Prior to being diagnosed in 2012, I went through years of both physical and emotional changes, along with a series of inconclusive tests. I saw many different doctors none of which gave me a definitive diagnosis. It was only after much frustration that I finally met with a neurologist who ordered a DAT Scan. The DAT Scan along with my symptoms confirmed what I suspected, was afraid of, and yet almost relieved to hear: “You have Parkinson’s”.
Parkinson’s is often referred to as a “boutique” disease because it is unique to each person. You cannot predict which symptoms you will get and when you will get them. There are broad similarities as the disease progresses and no guarantee that what you see is what you will get. Some people may end up in a wheelchair while others continue to run marathons. Some are unable to clasp a necklace, while others bead necklaces by hand. What we know is that Parkinson’s is a degenerative disease that damages and eventually destroys neurons in the brain, causing muscle rigidity and tremors, difficulty moving, unstable posture and ultimately death.
Being diagnosed with early-onset Parkinson’s disease, and living with PD over the years, I can tell you that the progression is much faster than I would like. I am battling with rigidity, internal tremors and more pronounced symptoms of both Dystonia (uncontrollable and sometimes painful muscle spasms) and Dyskinesia (uncontrolled, involuntary muscle movement) mostly due to prolonged use of carbidopa/levodopa.
I often ask myself where do I go from here? I have three sons, am I going to be around for their wedding? Will I be able to hold and play with my grandchildren? So many unanswered questions, so much fear of not being around or worse, not being able to do the things I love. I love the quote “do not let the fear of tomorrow rob you of today”. I not only plan on living today, but I will do my part in the fight to find a cure.

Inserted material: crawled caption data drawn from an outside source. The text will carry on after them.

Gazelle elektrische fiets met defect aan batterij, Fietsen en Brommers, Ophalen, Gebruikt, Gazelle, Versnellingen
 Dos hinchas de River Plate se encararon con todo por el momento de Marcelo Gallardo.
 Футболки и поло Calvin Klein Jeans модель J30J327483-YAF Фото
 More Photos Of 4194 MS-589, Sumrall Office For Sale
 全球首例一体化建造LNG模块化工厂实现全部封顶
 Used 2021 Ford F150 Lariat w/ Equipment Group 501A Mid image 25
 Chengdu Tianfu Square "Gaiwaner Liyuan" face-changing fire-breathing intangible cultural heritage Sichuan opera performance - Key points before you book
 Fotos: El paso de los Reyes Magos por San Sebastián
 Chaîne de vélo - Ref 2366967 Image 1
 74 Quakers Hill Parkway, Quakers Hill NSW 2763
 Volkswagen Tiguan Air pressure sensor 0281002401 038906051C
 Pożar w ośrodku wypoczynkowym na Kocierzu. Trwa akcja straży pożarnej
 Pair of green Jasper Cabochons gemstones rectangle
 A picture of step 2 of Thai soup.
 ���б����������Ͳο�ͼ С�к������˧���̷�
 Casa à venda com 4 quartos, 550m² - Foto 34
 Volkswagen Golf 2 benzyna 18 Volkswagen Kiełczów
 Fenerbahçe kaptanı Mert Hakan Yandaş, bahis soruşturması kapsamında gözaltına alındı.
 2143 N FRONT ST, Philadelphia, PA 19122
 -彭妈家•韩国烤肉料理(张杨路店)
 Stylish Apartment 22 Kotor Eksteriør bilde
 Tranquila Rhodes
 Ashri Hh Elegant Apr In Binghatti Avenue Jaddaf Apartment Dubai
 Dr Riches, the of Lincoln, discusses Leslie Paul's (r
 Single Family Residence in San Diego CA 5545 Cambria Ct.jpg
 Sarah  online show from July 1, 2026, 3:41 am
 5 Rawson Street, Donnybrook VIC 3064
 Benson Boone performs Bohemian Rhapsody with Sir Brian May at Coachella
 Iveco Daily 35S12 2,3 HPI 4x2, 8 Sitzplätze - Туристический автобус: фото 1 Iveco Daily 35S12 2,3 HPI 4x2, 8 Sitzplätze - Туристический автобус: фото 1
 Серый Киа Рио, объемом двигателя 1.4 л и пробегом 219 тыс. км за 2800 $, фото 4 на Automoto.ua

They say knowledge is power – and I wanted to have the power over my disease. I wanted answers! Is this environmental? Is this genetic? I needed to know. Through genetic testing with “23 and Me” I was able to get some unanswered questions. I knew that The Michael J. Fox Foundation is dedicated to finding a cure for Parkinson’s and funds the Parkinson’s Progression Markers Initiative (PPMI). In 2012 I enrolled in the PPMI study at the Cleveland Clinic. PPMI is a clinical study to find biomarkers for Parkinson’s disease. Patients would contribute invaluable data and bio samples into the most robust Parkinson’s database and specimen bank ever created. PPMI is an observational study and volunteers do not take any experimental drugs or placebos, but agree to contribute data and samples for five years, which has now been extended to eight. Doctors depend on the description you provide of your symptoms and their own examination in making decisions regarding your diagnosis and management. The discovery of a biomarker is a critical step in the development of new and better treatments for PD.
In 2018, I also enrolled in an online clinical study called Fox Insight. Fox Insight is a long-term observational study worldwide for people with and without Parkinson’s disease. Answering health-related experiences helps researchers better understand the unmet needs and treatment breakthroughs.
Becoming a Team Fox member alongside thousands of other members all over the world to support the Foundation’s mission to find a cure is very important to me and my family. 100% of proceeds from all Team Fox events goes directly towards Parkinson’s Research. It is only through research and education that gives us the hope for a world without Parkinson’s disease.